Agent adapter tests are kept in a separate CPU job because they need extra SDK dependencies.

Useful local commands:

python tests/test_agent_trajectory.py
python -m pytest tests/test_megatron_argument_validation.py tests/plugin_contracts/test_plugin_generate_contracts.py

GPU E2E Tests

GPU e2e tests validate the integrated training/rollout behavior that CPU tests cannot cover:

  • run-ci-sglang-config: advanced SGLang deployment paths, including config-based engine layouts.
  • run-ci-megatron: main Megatron backend coverage for dense/MoE recipes, async rollout, OPD, PPO-style paths, PD/Mooncake, and debug rollout-then-train replay.
  • run-ci-precision: numerical consistency across parallel settings.
  • run-ci-ckpt: checkpoint save/load combinations and async save.
  • run-ci-image: the same matrix as run-ci-megatron, but on the release/test image.

Use targeted labels for routine PRs. Use run-ci-image sparingly because it consumes significantly more GPU time.

Writing a New Test

CPU Tests

For CPU-only tests:

  1. Add the test under tests/test_*.py, tests/utils/test_*.py, or tests/plugin_contracts/test_*.py, following nearby patterns.
  2. Add a top-level NUM_GPUS = 0 if the file may be run by run-ci-changed.
  3. Make the file executable directly:
if __name__ == "__main__":
    raise SystemExit(pytest.main([__file__]))
  1. If the test should run permanently, register it in the cpu-unittest or agent-adapter-test job in .github/workflows/pr-test.yml.j2, then regenerate the workflow.

GPU E2E Tests

For GPU e2e tests:

  1. Create tests/test_<your_test_name>.py following the existing prepare() / execute() pattern.
  2. Declare the required GPU count with NUM_GPUS = <N>.
  3. Download required models/datasets in prepare().
  4. Build arguments and call U.execute_train(...) in execute().
  5. Register the test in the appropriate GPU job in .github/workflows/pr-test.yml.j2, then regenerate the workflow.

Example skeleton:

import os
import slime.utils.external_utils.command_utils as U

MODEL_NAME = "Qwen2.5-0.5B-Instruct"
MODEL_TYPE = "qwen2.5-0.5B"
NUM_GPUS = 4

def prepare():
    U.exec_command("mkdir -p /root/models /root/datasets")
    U.exec_command(f"hf download Qwen/{MODEL_NAME} --local-dir /root/models/{MODEL_NAME}")

def execute():
    # Build argument strings and call U.execute_train(...)
    ...

if __name__ == "__main__":
    prepare()
    for proxy_var in ("http_proxy", "https_proxy", "HTTP_PROXY", "HTTPS_PROXY"):
        os.environ.pop(proxy_var, None)
    execute()

Workflow Generation

The workflow file pr-test.yml is auto-generated from the Jinja2 template pr-test.yml.j2. Do not edit pr-test.yml directly.

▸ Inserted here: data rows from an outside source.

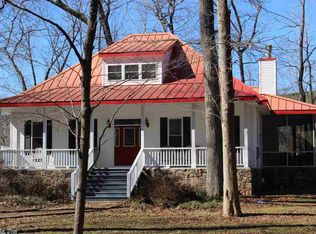 369 Ferguson Rd, Heber Springs, AR 72543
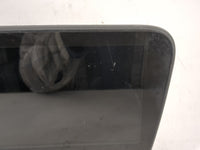 2022 Chevrolet Malibu Information Display Screen - Oemusedautoparts1.com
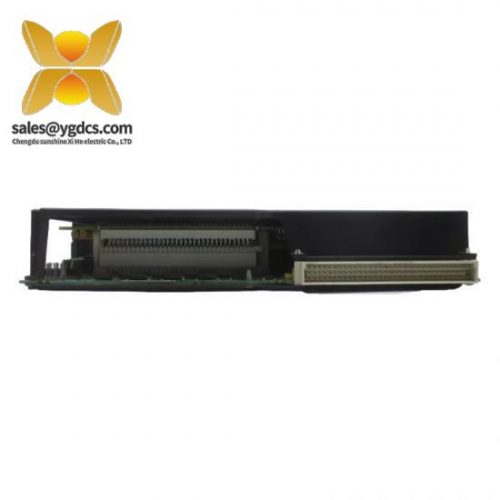 GE Fanuc IC697BEM763 Extended Module, Control Systems, Industrial Automation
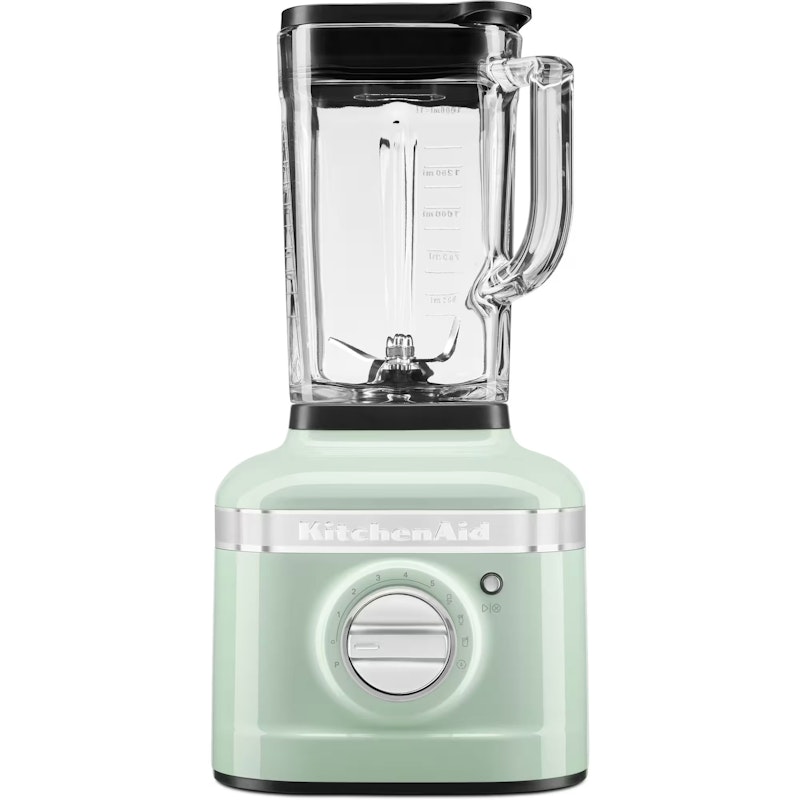 5KSB4026EPT K400 Artisan Blender 1,4 l, Pistachio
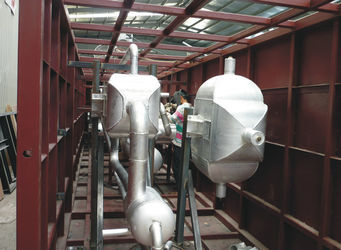 Hangzhou Union Industrial Gas-Equipment Co., Ltd.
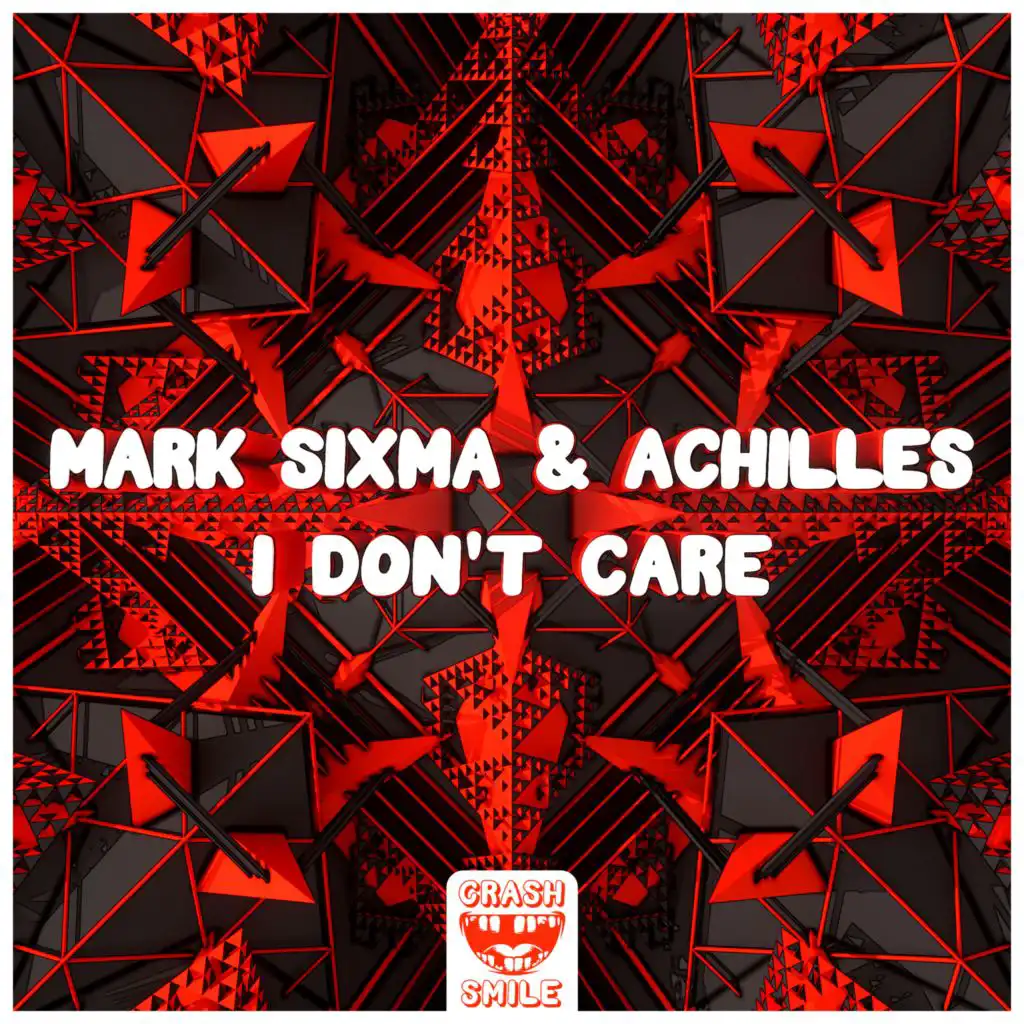 Mark Sixma & Achilles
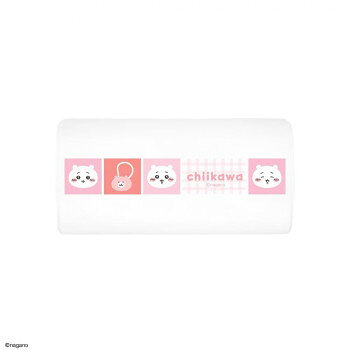 ちいかわ Type-C コネクタ付き リチウムイオン充電器 4000mAh A.ちいかわ CK-87A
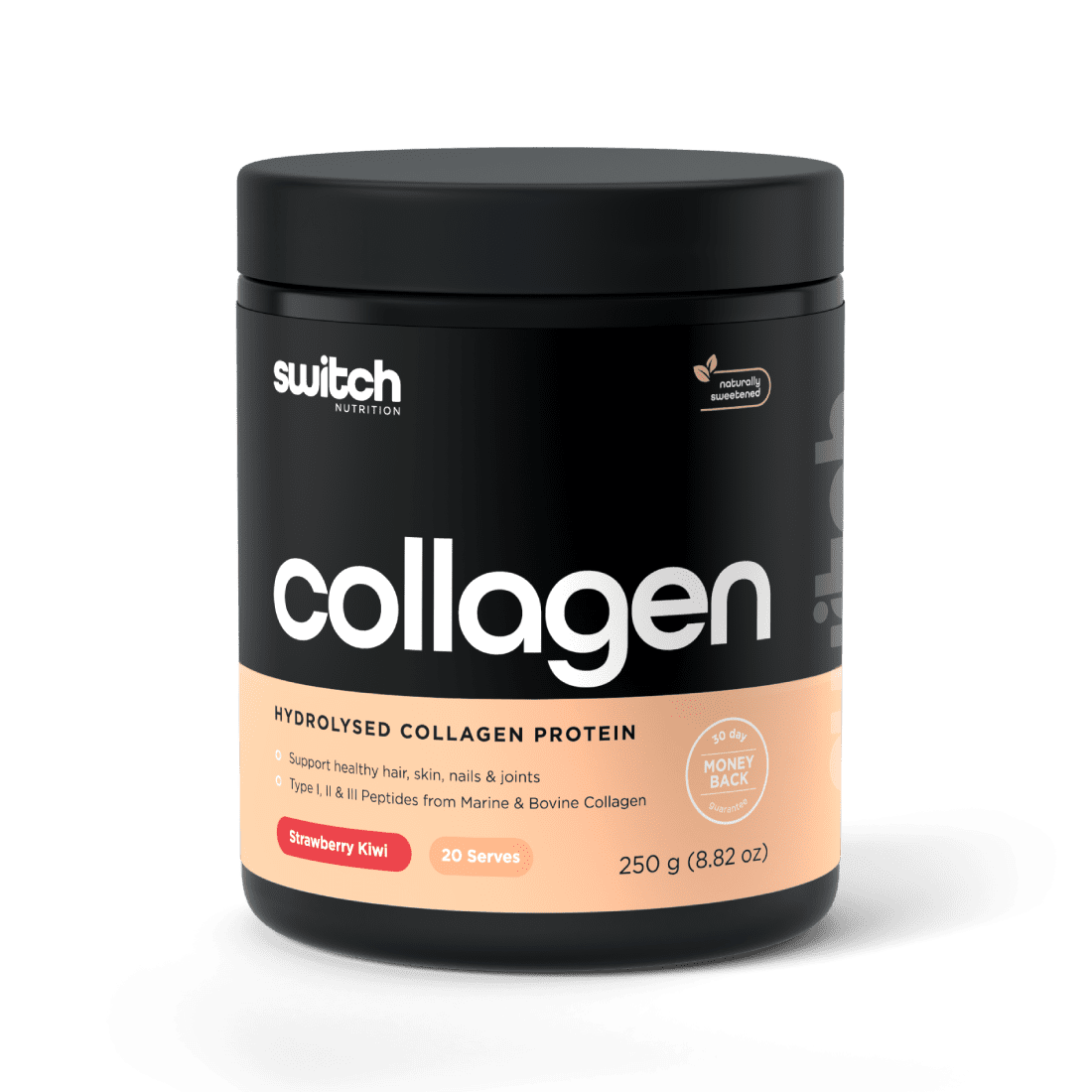 Switch Nutrition Collagen Switch Nutrition Collagen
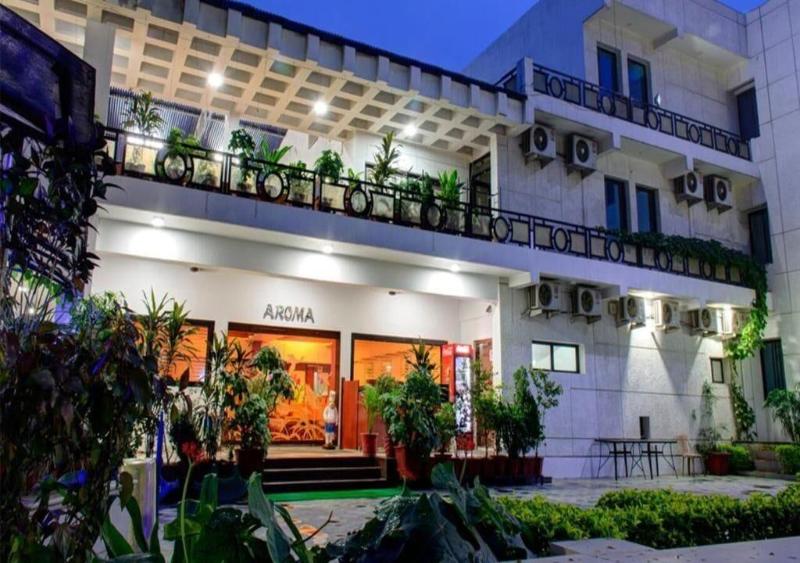Blue Diamond The Hotel — general view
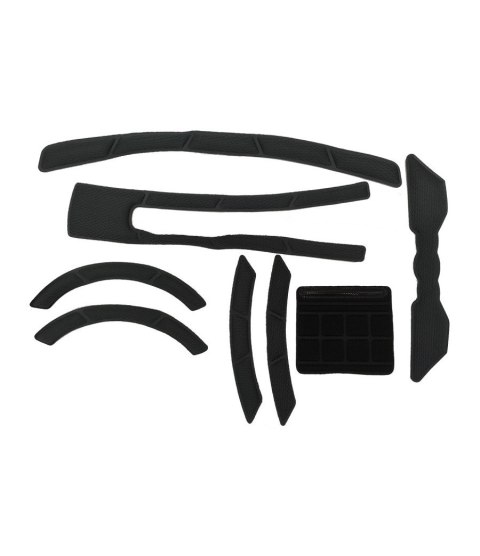 Wkładka do kasku Livall L23 rozmiar 54-58cm i 58-62cm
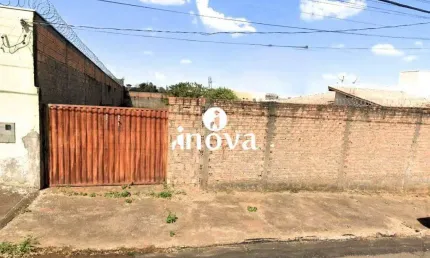 Terreno/Área à venda, Mirante - Parque - Uberaba/MG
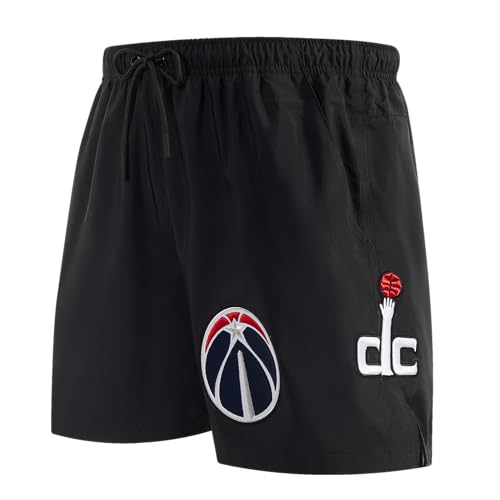 Image of Pro Standard NBA Mens Mens NBA Classic Woven Woven Short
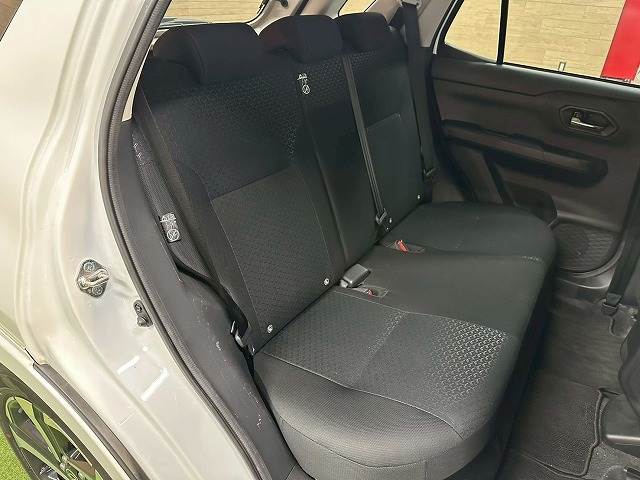 トヨタ ライズの画像10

To change the permanent CI matrix:

  1. Edit .github/workflows/pr-test.yml.j2.
  2. Run:
python .github/workflows/generate_github_workflows.py
  1. Commit both .github/workflows/pr-test.yml.j2 and the generated .github/workflows/pr-test.yml.

Choosing Checks for a PR

  • Pure argument parsing, reward, schedule, sample, trajectory, or hook-contract changes: rely on CPU tests first.
  • SGLang topology or rollout engine deployment changes: use run-ci-sglang-config.
  • Megatron training, loss, checkpoint conversion, or model recipe changes: use run-ci-megatron; add run-ci-precision or run-ci-ckpt when relevant.
  • Docker image or dependency changes: use run-ci-image.
  • New or modified tests: use run-ci-changed for quick targeted validation.